DATA FOR REVIEW:
• • •

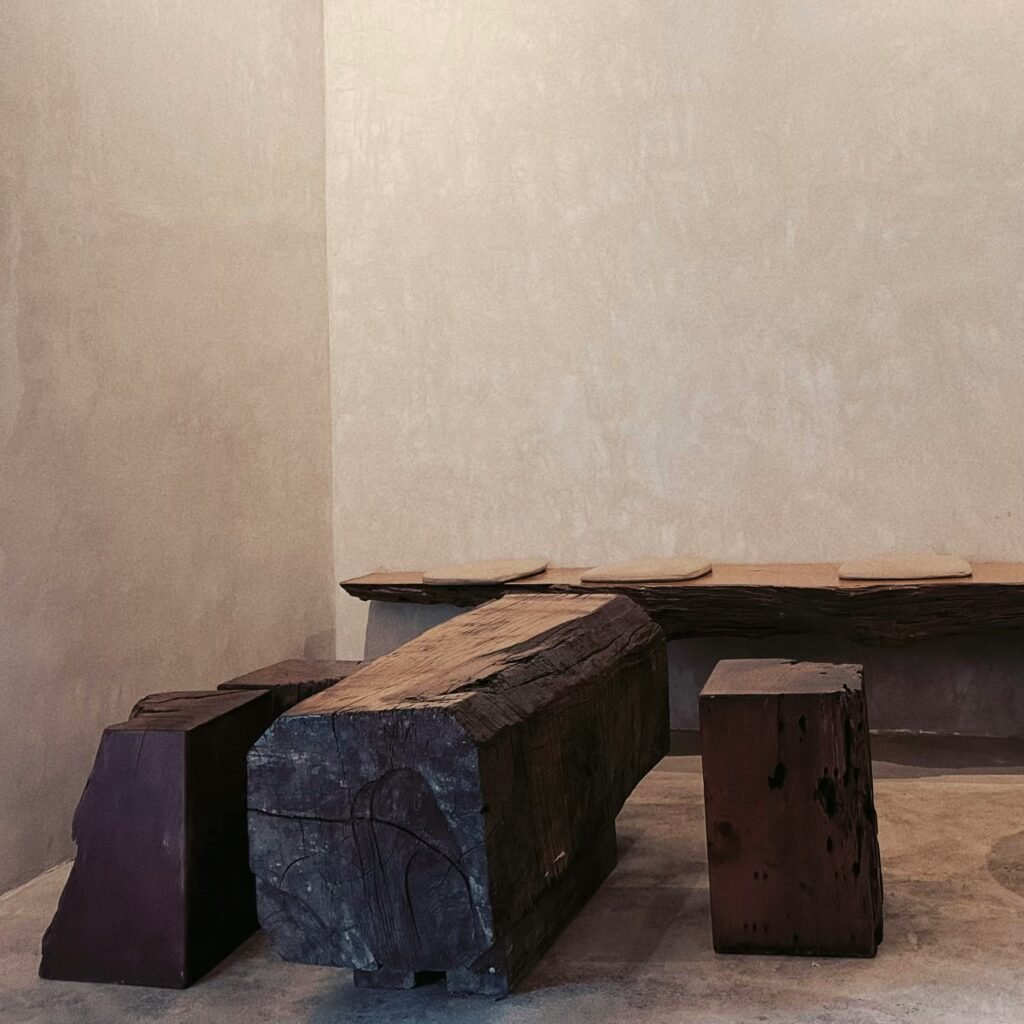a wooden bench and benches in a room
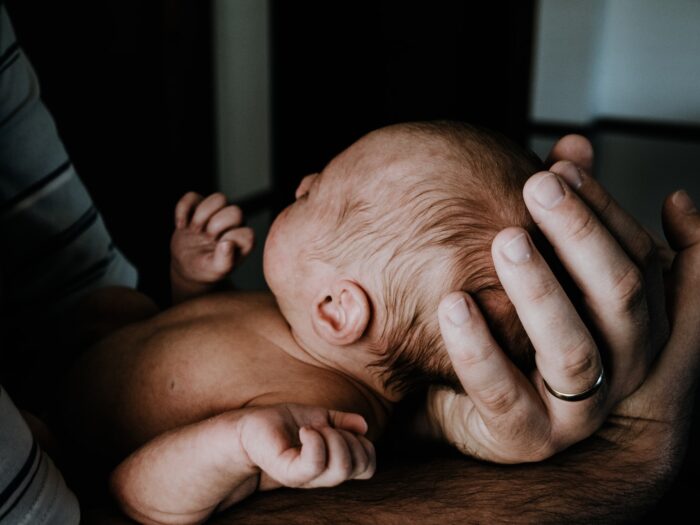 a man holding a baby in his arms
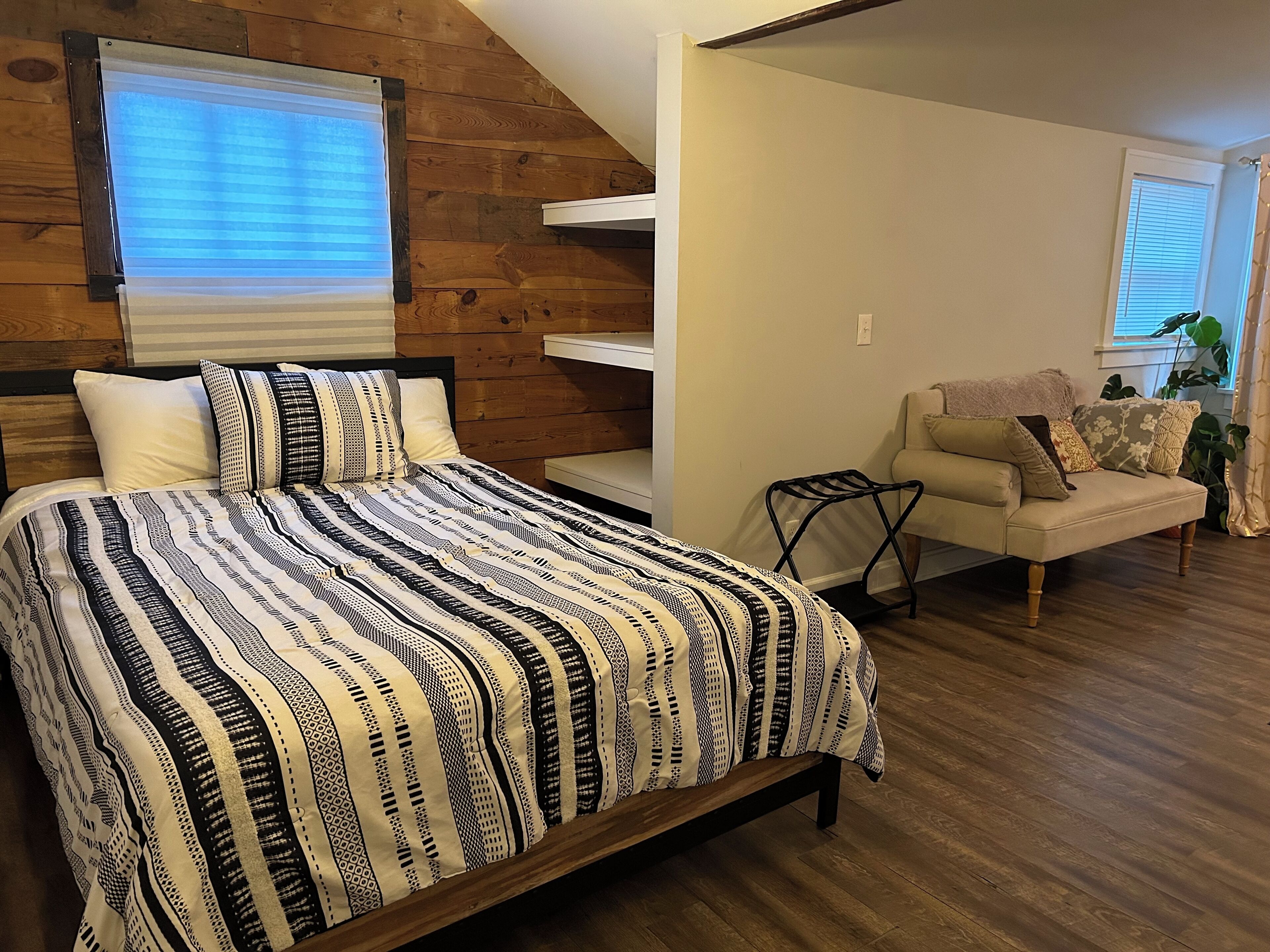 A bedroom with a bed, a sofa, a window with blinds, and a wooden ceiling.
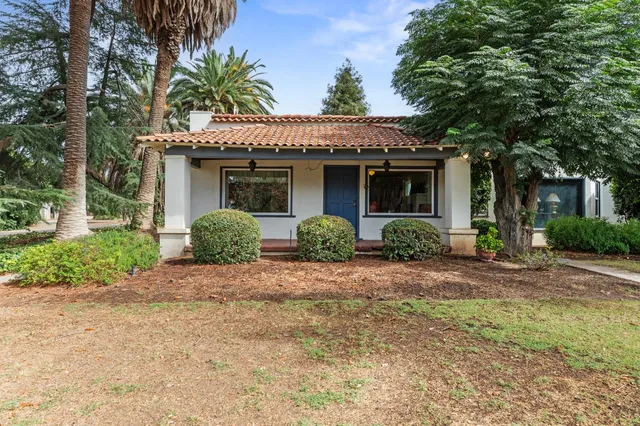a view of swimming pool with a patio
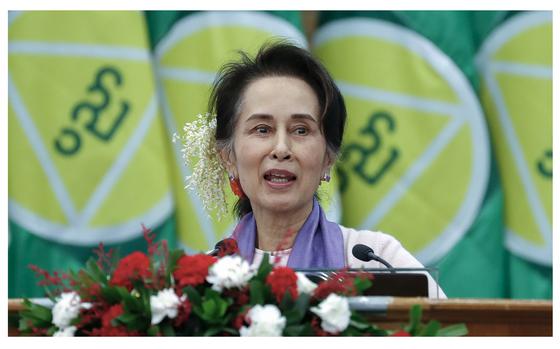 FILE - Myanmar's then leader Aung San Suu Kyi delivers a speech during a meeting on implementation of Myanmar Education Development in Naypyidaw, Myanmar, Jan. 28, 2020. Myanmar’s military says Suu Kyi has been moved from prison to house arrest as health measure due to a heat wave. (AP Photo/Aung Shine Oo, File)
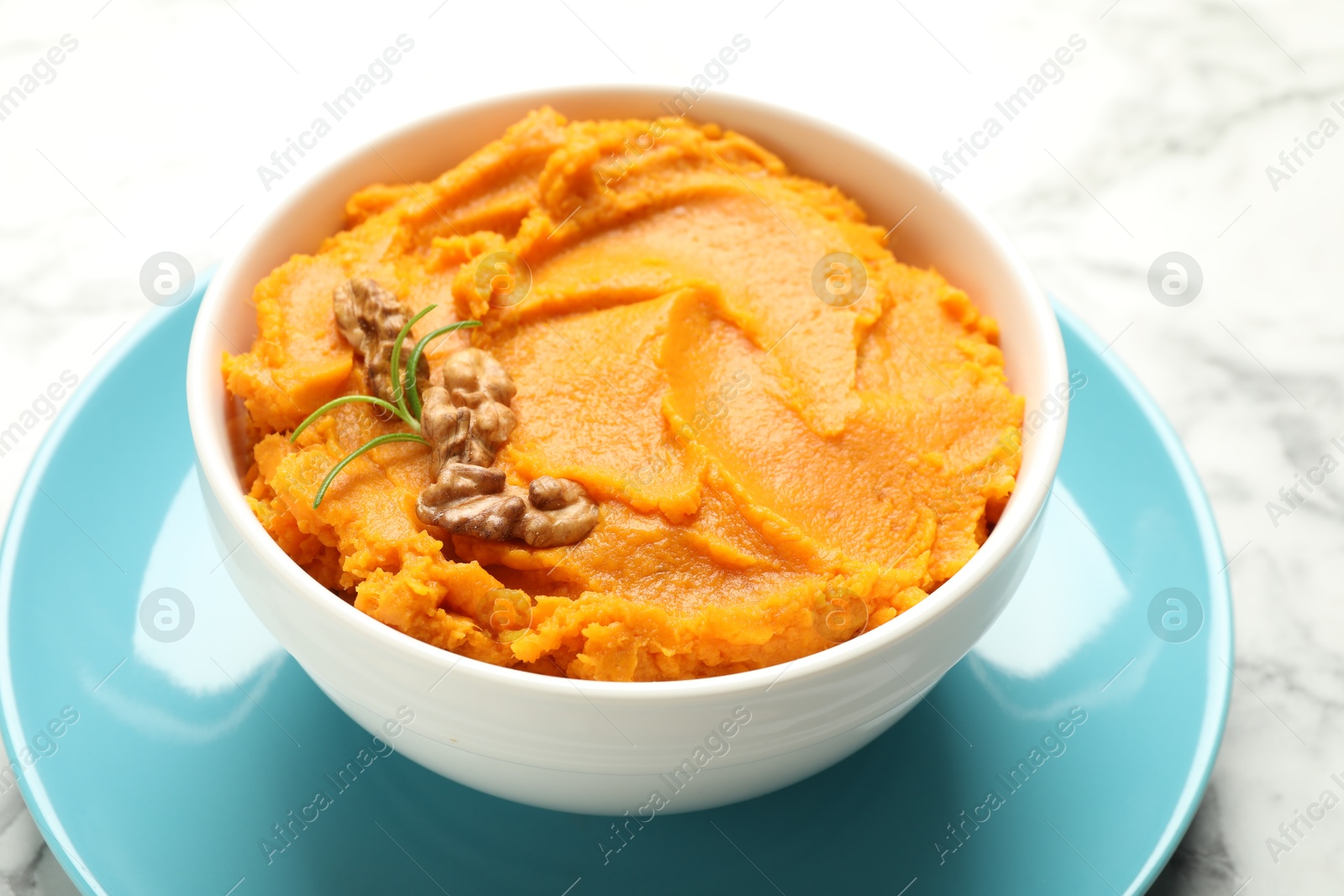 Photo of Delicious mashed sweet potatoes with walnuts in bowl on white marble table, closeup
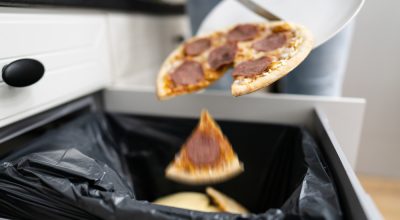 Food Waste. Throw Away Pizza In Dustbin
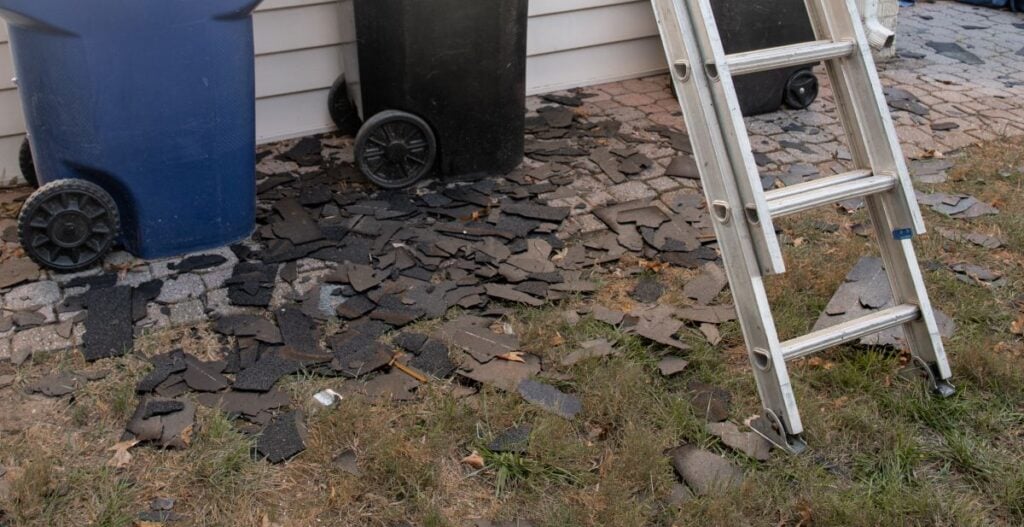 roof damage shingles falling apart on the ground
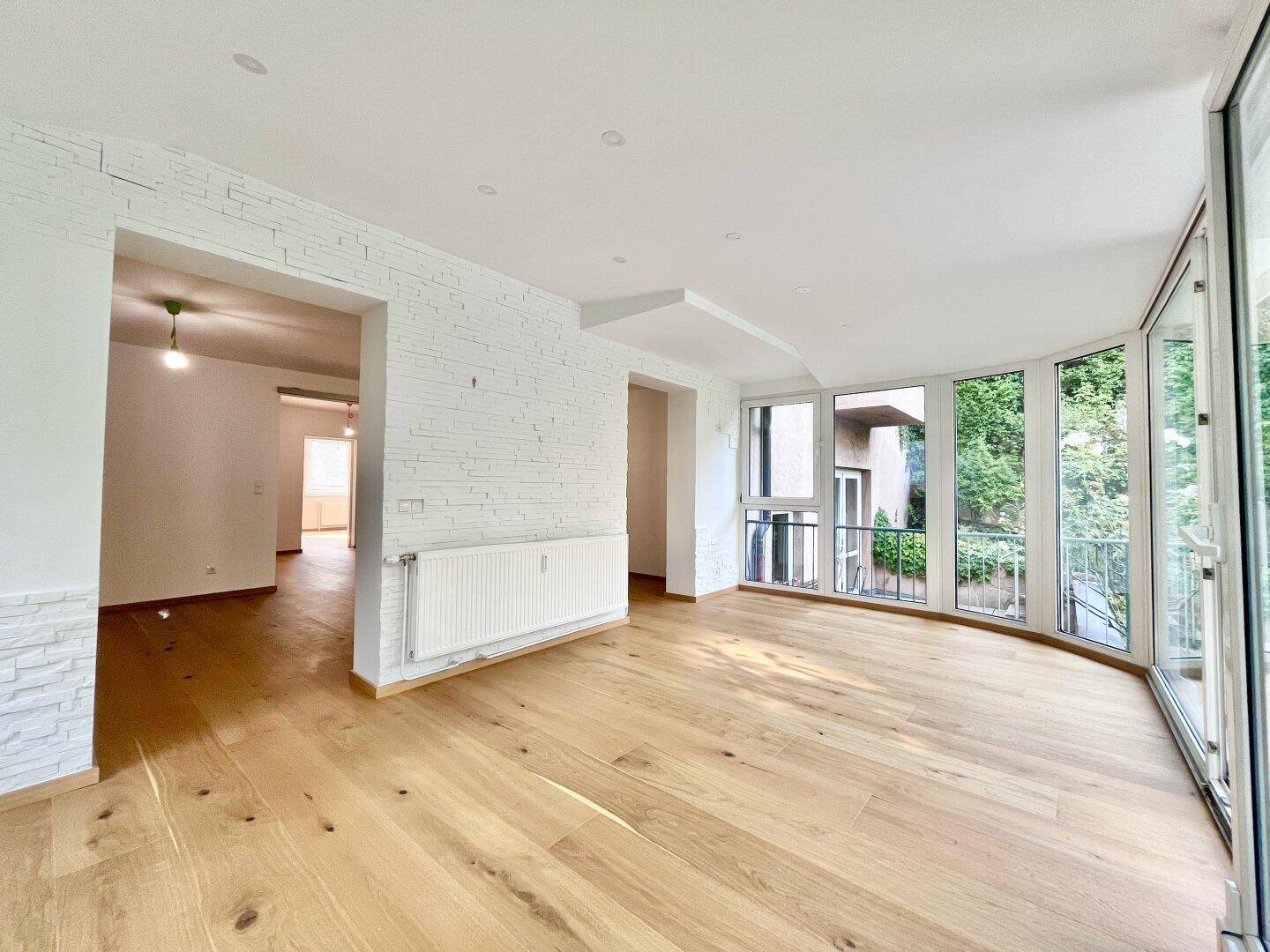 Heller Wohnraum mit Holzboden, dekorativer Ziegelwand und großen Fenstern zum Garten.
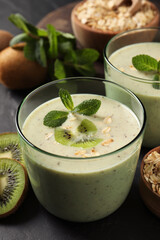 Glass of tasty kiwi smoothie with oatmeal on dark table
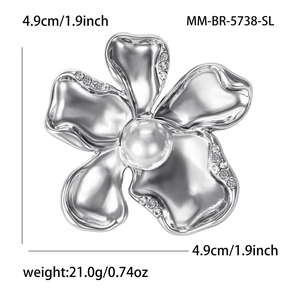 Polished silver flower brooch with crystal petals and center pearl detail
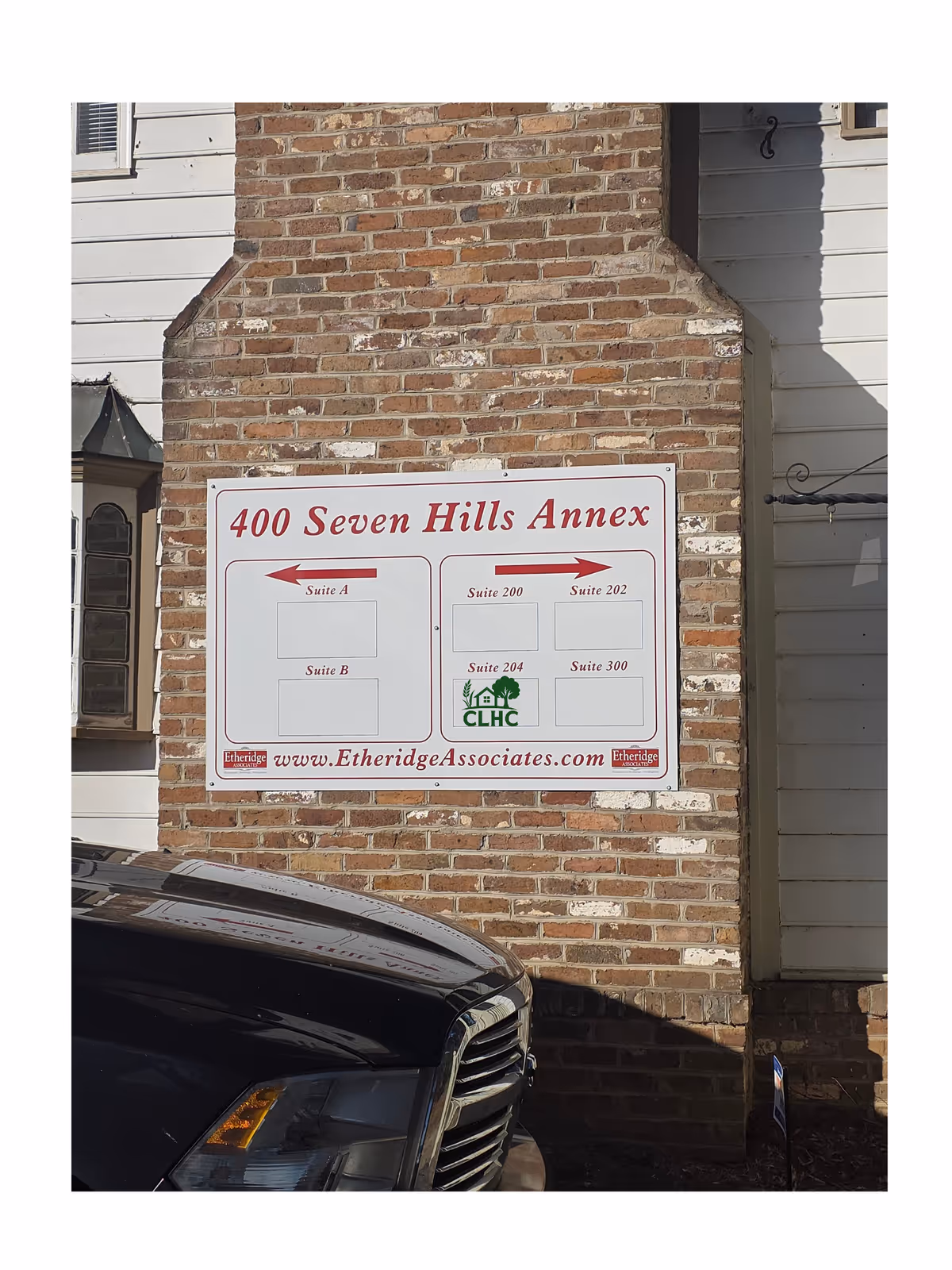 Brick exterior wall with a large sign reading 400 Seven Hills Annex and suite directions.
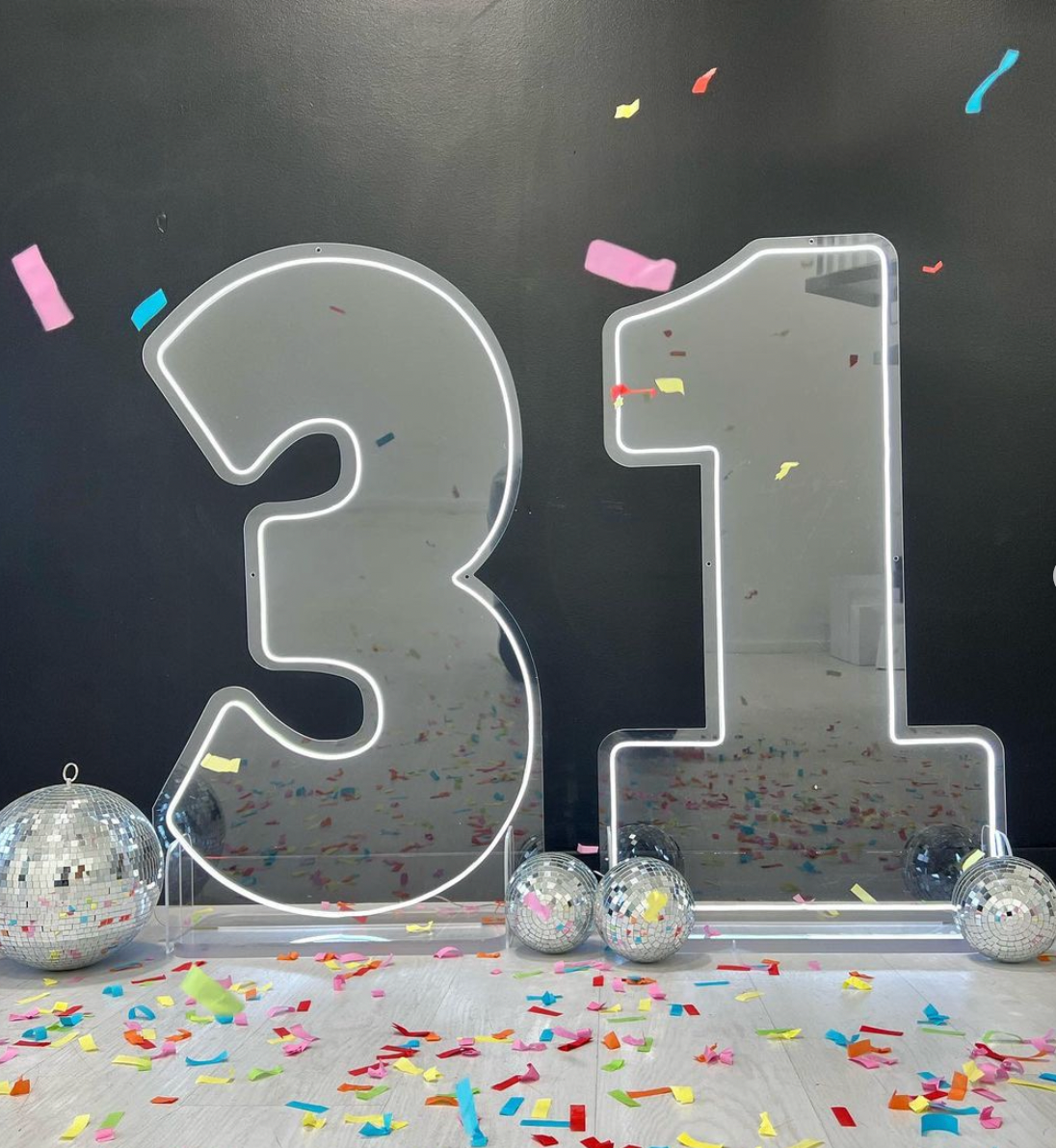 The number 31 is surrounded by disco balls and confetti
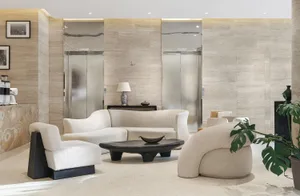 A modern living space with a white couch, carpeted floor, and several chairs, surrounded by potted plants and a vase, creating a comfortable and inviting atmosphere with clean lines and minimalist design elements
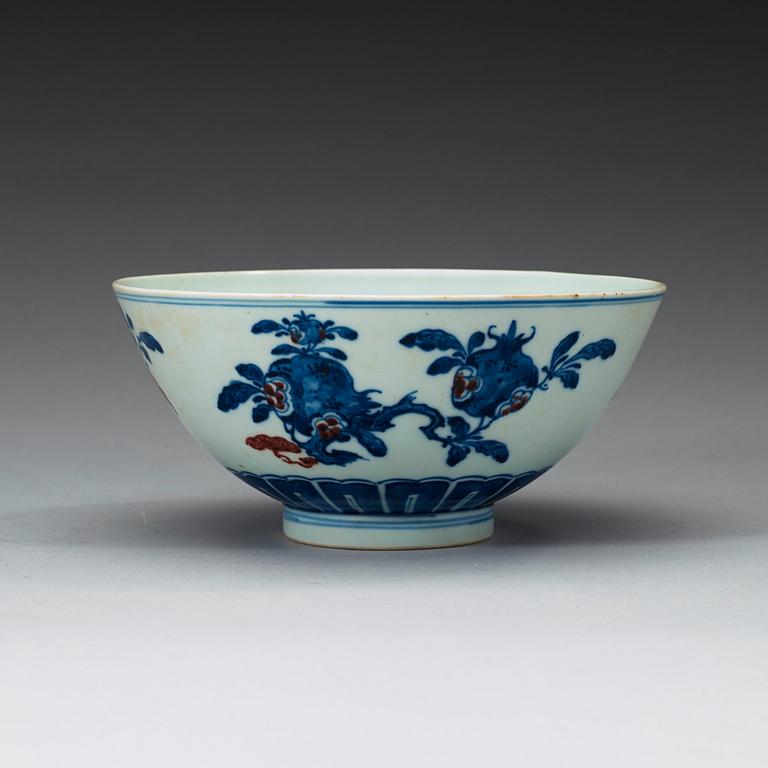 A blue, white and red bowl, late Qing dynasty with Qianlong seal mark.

• • •

YOUR OBJECTIVE: From the line containing "Heller Wohnraum mit" through the last line of the data above, write out every line word for word, and nothing else. Do not include the pictures.

ANSWER BOX:
 Heller Wohnraum mit Holzboden, dekorativer Ziegelwand und großen Fenstern zum Garten.
 Glass of tasty kiwi smoothie with oatmeal on dark table
 Polished silver flower brooch with crystal petals and center pearl detail
 Brick exterior wall with a large sign reading 400 Seven Hills Annex and suite directions.
 The number 31 is surrounded by disco balls and confetti
 A modern living space with a white couch, carpeted floor, and several chairs, surrounded by potted plants and a vase, creating a comfortable and inviting atmosphere with clean lines and minimalist design elements
 A blue, white and red bowl, late Qing dynasty with Qianlong seal mark.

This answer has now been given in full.